Other changes include a “call in” power, with no investment threshold, for the proposed sale of New Zealand’s most strategically important assets.  This is likely to include companies developing military technology, other direct suppliers to New Zealand’s defence and security agencies and (potentially) certain key media assets.  The Government will be able to stop investments that pose a significant risk to national security or public order. It was noted that these powers are unlikely to be regularly used and would only be used where necessary for protecting New Zealand.  A further change would apply to the purchase of water bottling plants on sensitive land. Specifically, a new test which considers the impact on water quality and sustainability of a water botting enterprise where applications are made by overseas buyers to purchase such assets. 

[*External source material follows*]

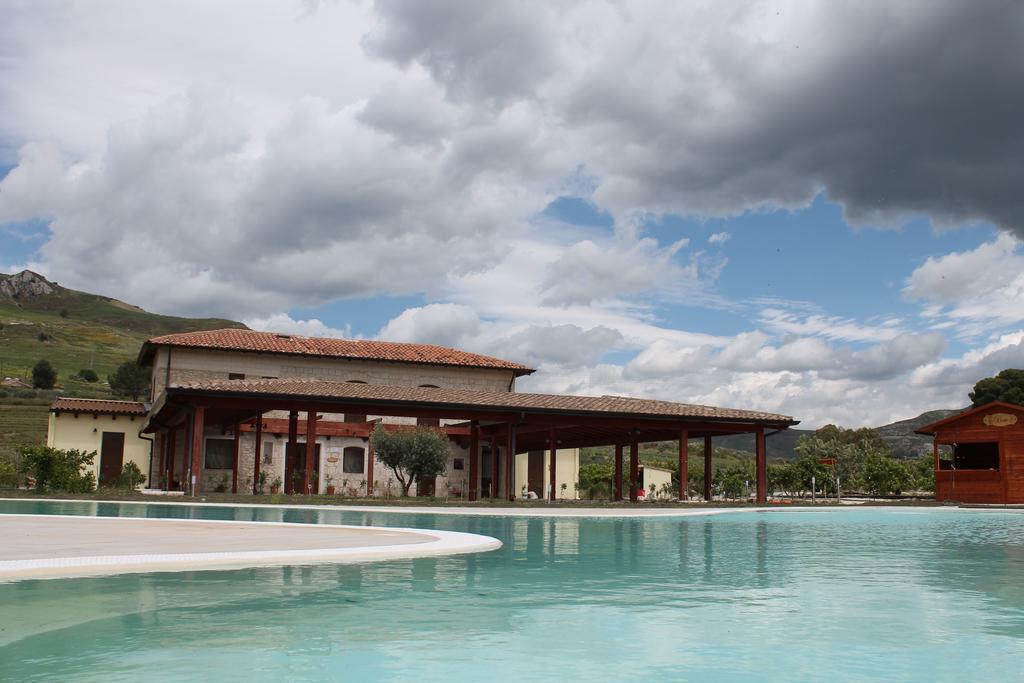 Tenuta Lanza Il Mulino Acquaviva Platani Dış mekan fotoğraf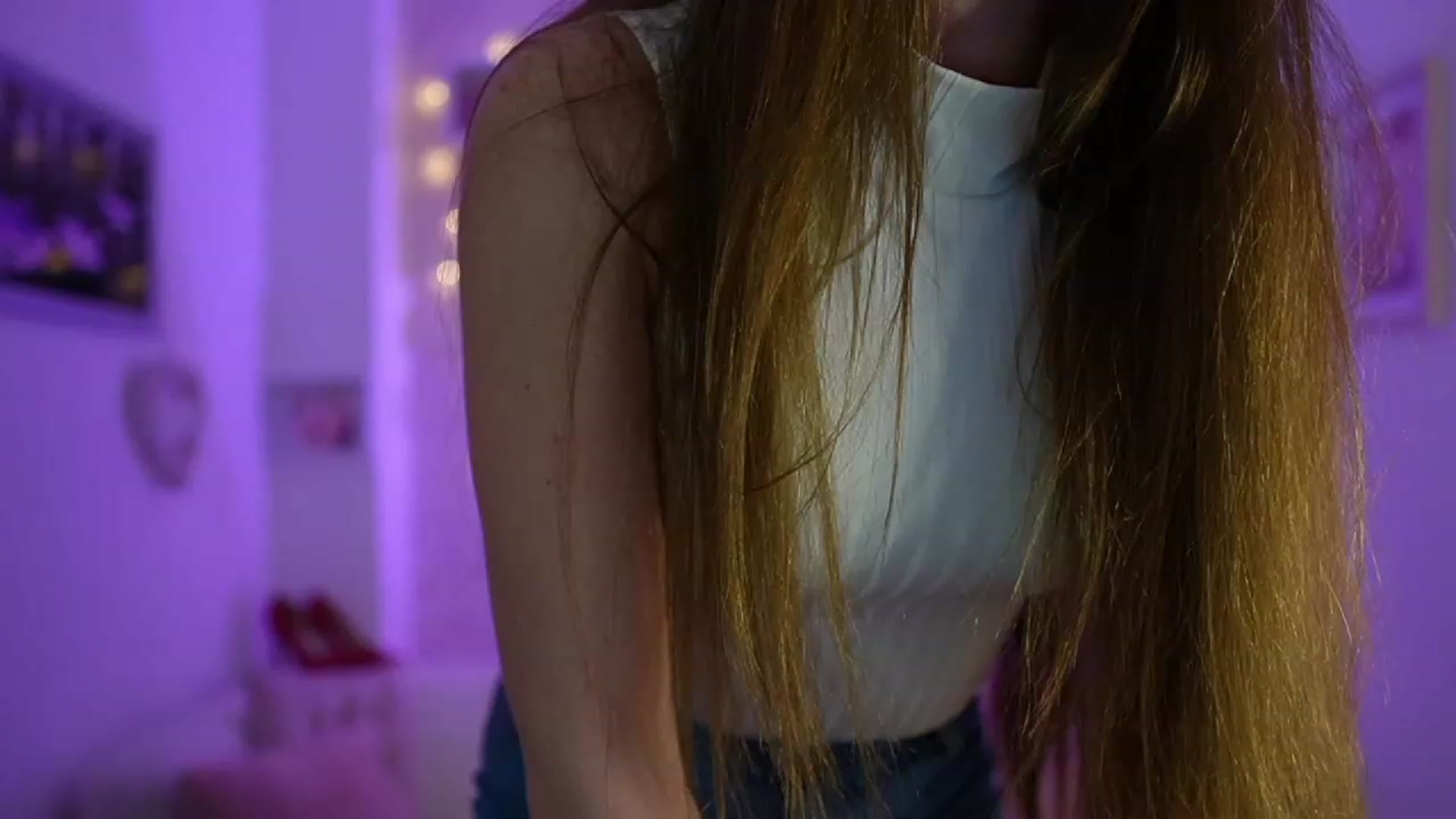 Gallery image thumbnail from Haley_Reed18's myfreecams stream on, 02/19/2024, 16:57 image 18 of 20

There are also changes proposed to the enforcement powers under the Overseas Investment Act.  The maximum fine for non-compliance with the Act is currently NZ$300,000.  It is proposed that this is increased to NZ$500,000 for individuals and NZ$10m for corporates.  This illustrates the current Government’s tough stance on breaches of the Overseas Investment Act.

The Government has advised that a Bill implementing the above changes will be introduced in early 2020.  These proposed changes follow the reforms made last year which effectively banned overseas buyers (other than Australian or Singaporean citizens and permanent residents) from buying residential homes in New Zealand.